But for all that, and despite its enormous economic importance and global success, the Queensland resources sector faces an enduring and serious problem – an apparent lack of appreciation from many city dwellers, and government.

For the past two years the state’s coal industry has been up in arms at what Treasurer Cameron Dick calls “fairer coal royalties”, but which the miners point out are the “highest in the world” – and imposed without any consultation whatever. Mr Dick says the new industry can afford to hand over the extra $9.4bn raised in the past two years without denting employment or investment.

He says the coal industry had a profit margin of 48 per cent last financial year. And that, Mr Dick says, means our coal miners can afford to be slugged with his globally-high royalty rates and still have enough fat left over.

He is confident Queensland will continue to attract the interest of companies; in fact, Mr Dick claims they “are clambering over each other to invest in our world-class steelmaking coal assets”.

The industry has another view entirely.

Bravus’ Carmichael coal mine. Picture: Cameron Laird
Bravus’ Carmichael coal mine.
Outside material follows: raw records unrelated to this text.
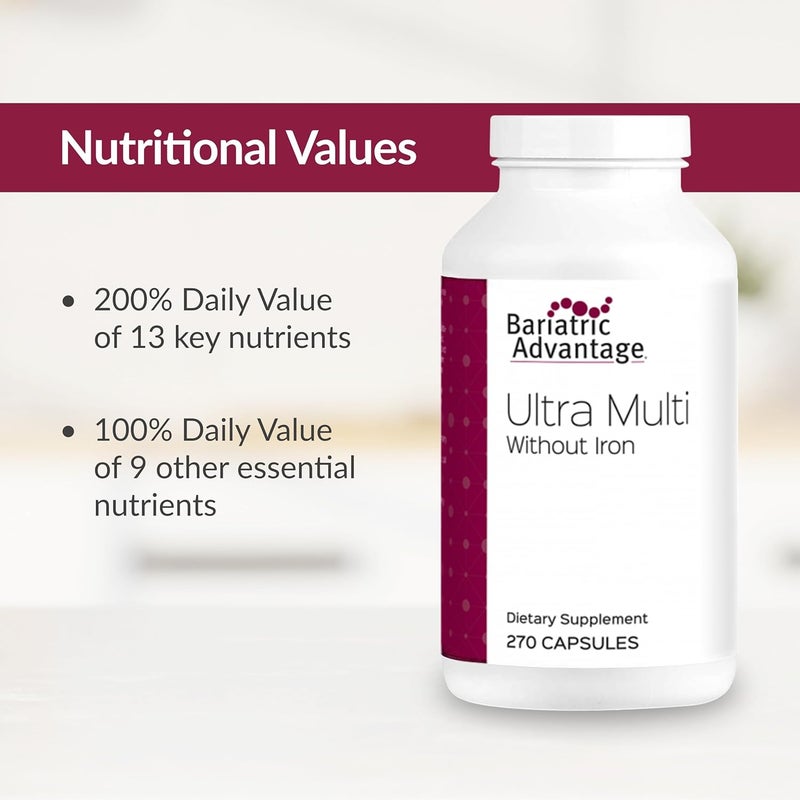 Bariatric Advantage Ultra Multi Without Iron  High Potency Multivitamin  for Surgery Patients with Calcium Vitamin C  More  270 Capsules - Image 5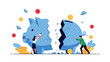 © Illustrate Hub - Business people attempting to glue and push back together a large broken blue piggy bank surrounded by coins and virus particles.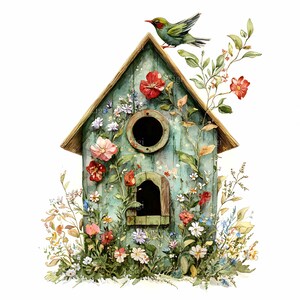 28 imágenes prediseñadas de casita para pájaros en formato JPEG (JPG): Casita rústica para pájaros verde con flores silvestres y pájaro posado, ilustración de escena de jardín primaveral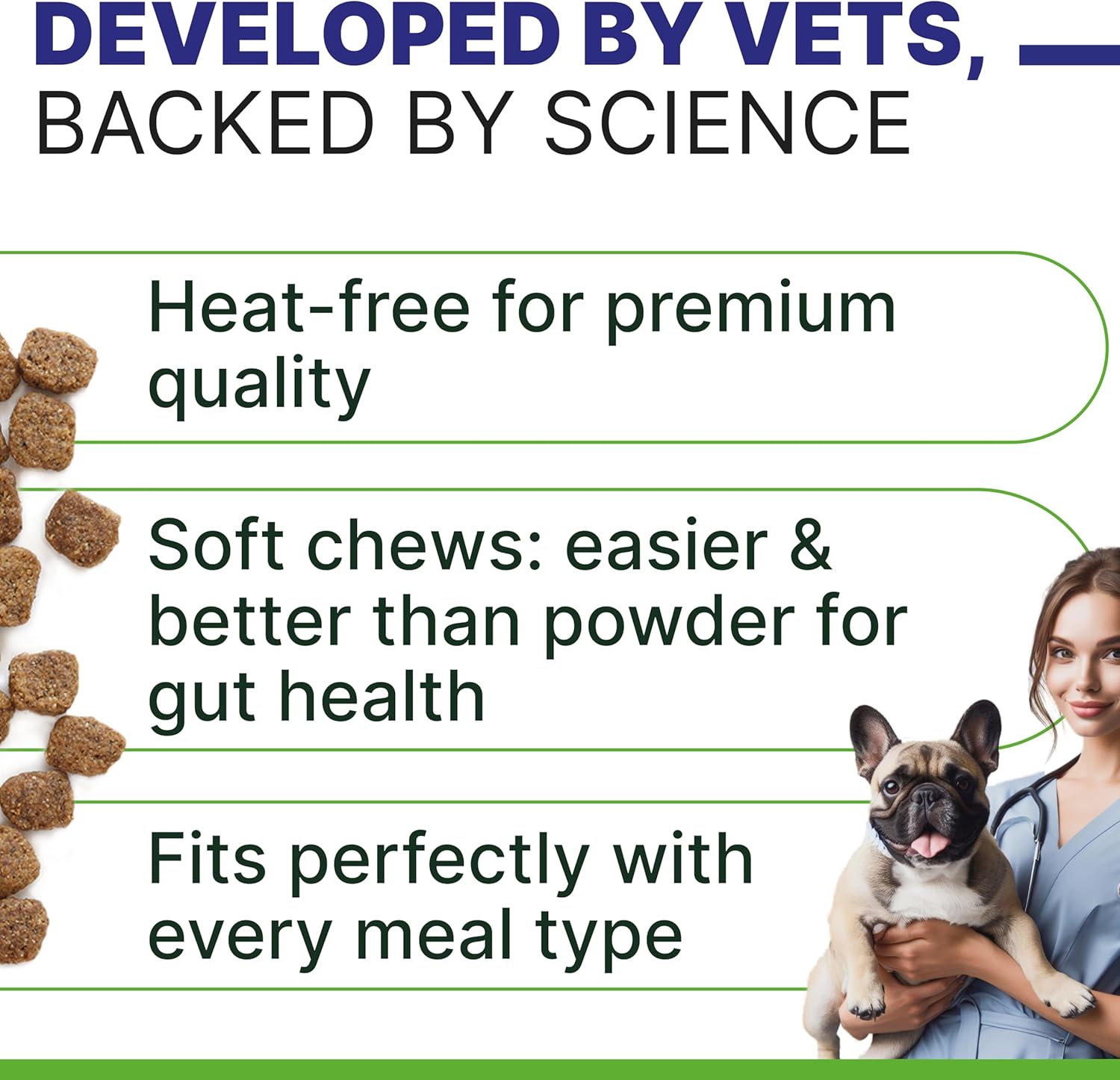 Digestive Health Chews for Dogs | Probiotics & Enzymes for Allergies, Itchy Skin, Diarrhea, Gas Relief | Prebiotics Fiber Supplement - 120 Treats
Picture: Cameron Laird

The executive director of coal exporter Bravus, Samir Vora, warns the government is “choking the goose that is laying the golden eggs” – and that it is wrong for Mr Dick to think the industry is “so robust and so profitable that it can withstand all the knock-backs, rule changes, red tape and broken promises they can throw at it”.
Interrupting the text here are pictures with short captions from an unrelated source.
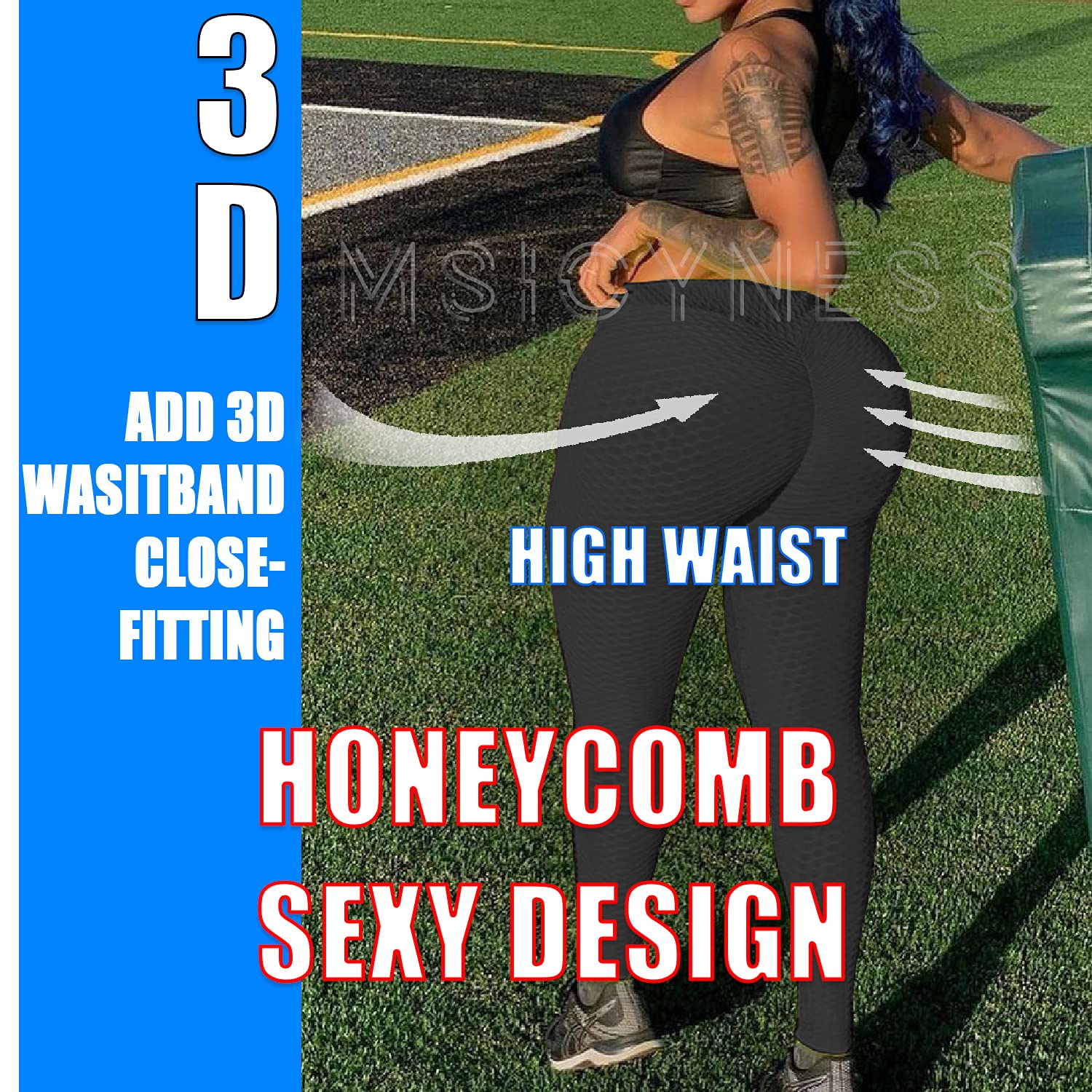 Msicyness 3 Pack High Waist Yoga Pants for Women - Tummy Control & Butt Lifting Textured Scrunch Leggings | TikTok Viral Booty Tights for Workout, Gym & Casual Wear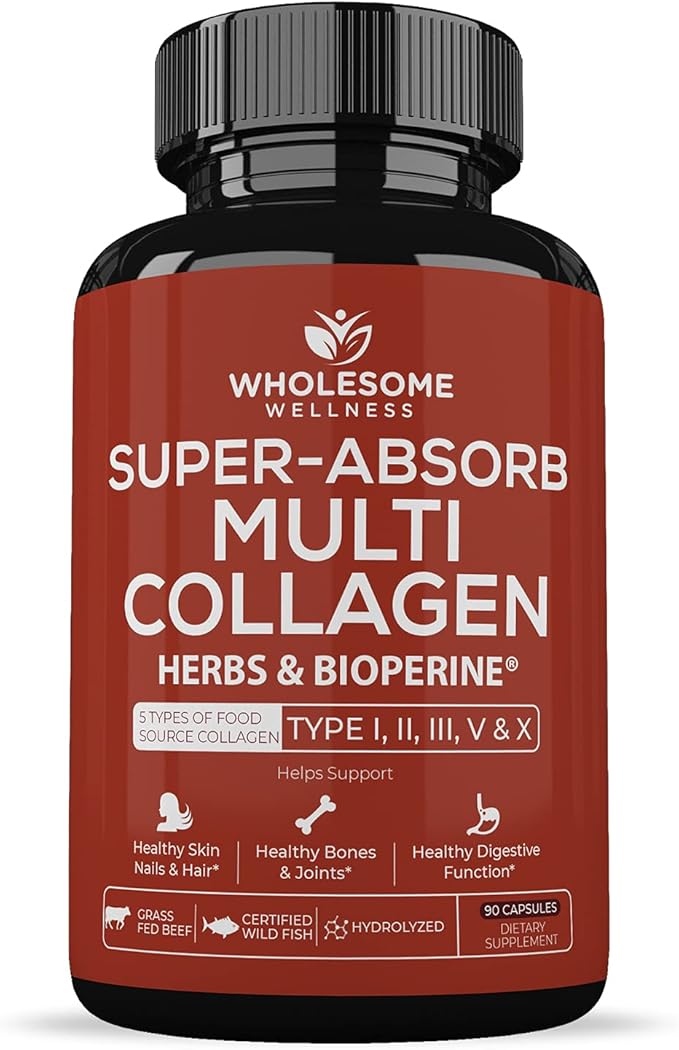 Super-Absorb Multi Collagen Pills (Type I II III V X) Organic Herbs and Bioperine - Hair, Skin, Nails, Joints - Hydrolyzed Collagen Peptides Protein Supplement for Women Men (90 Capsules)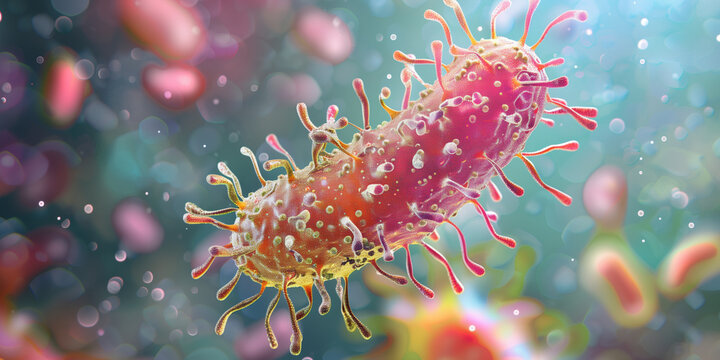 isolated view of a single bacteria of the coronavirus cell, illustrating the urgency in understanding and combating variant diseases during the ongoing pandemic. Commercial banner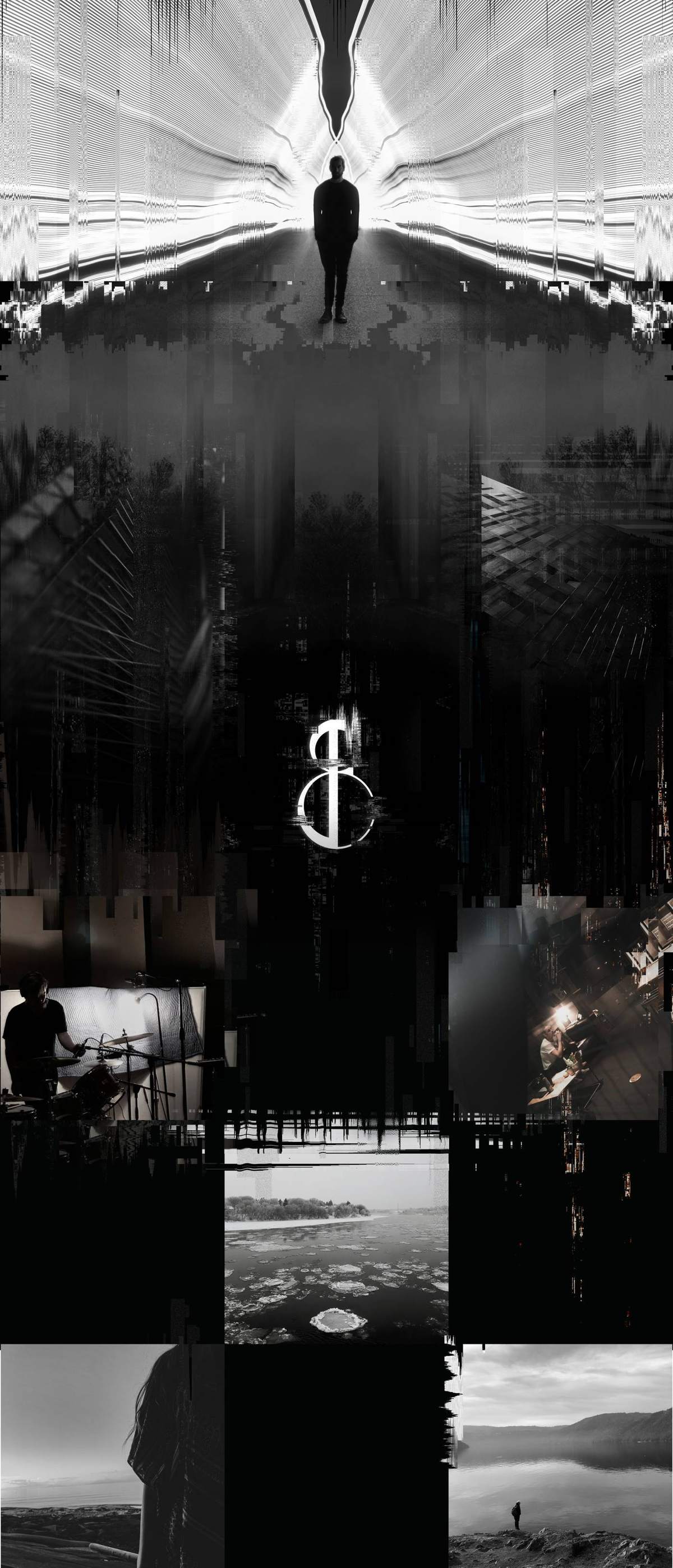 The grid after the deletion &mdash; one continuous monochrome composition, images bleeding across the cells, the Factor Eight monogram at its centre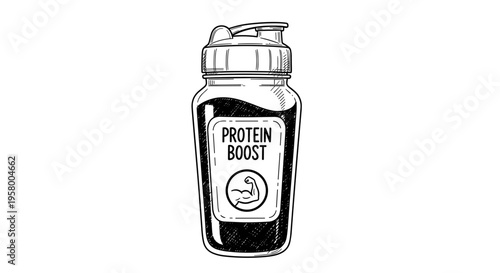 Illustration of protein shake bottle with labeled design, featuring clear plastic and flip-top lid, monochrome sketch style on white background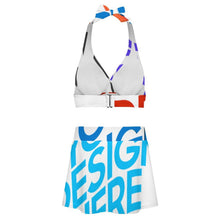 Cargar imagen en el visor de la galería, Conjunto de traje de baño de dos piezas para mujer con minifalda con abertura 308977 personalizado con patrón foto texto (impresión de imágenes múltiples)
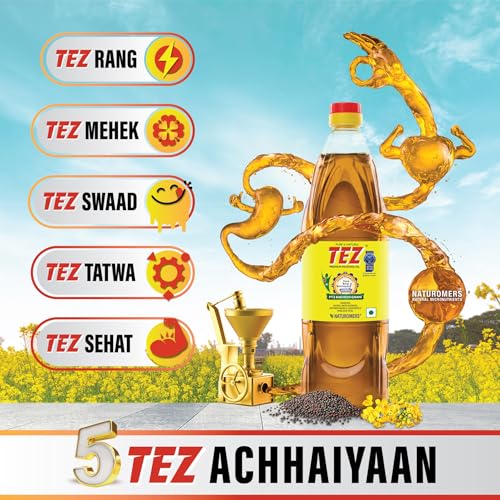 Image of Tez Mustard Oil for Cooking 1L | PT3 Kachchi Ghani Sarson Ka Tel | 100% Pure & Natural Oil | Promotes Gut Health with Antibacterial & Antifungal Benefits | Supports Good Health (Pack of 3)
“Investment capital is not sentimental,” Mr Vora wrote this week in The Courier-Mail. “The hard truth is that if the conditions aren’t right, capital will flow away from Queensland to jurisdictions where operating costs are competitive, and the mining industry is valued.”

Hopefully we have highlighted this fact – and others – over the past two weeks of this series, and we will do so again today when we host our Future Queensland lunch that will be attended by almost 500 people.

There will always be those who demonise the industry’s climate impact, no matter the reality of what is actually being dug out of the ground – and that our share of global production is insignificant.

Our resources industry can have a bright future in a net-zero world, but it needs the right policy settings – and the right attitude from those politicians in power – to ensure it continues to attract the investment in new projects that will be needed.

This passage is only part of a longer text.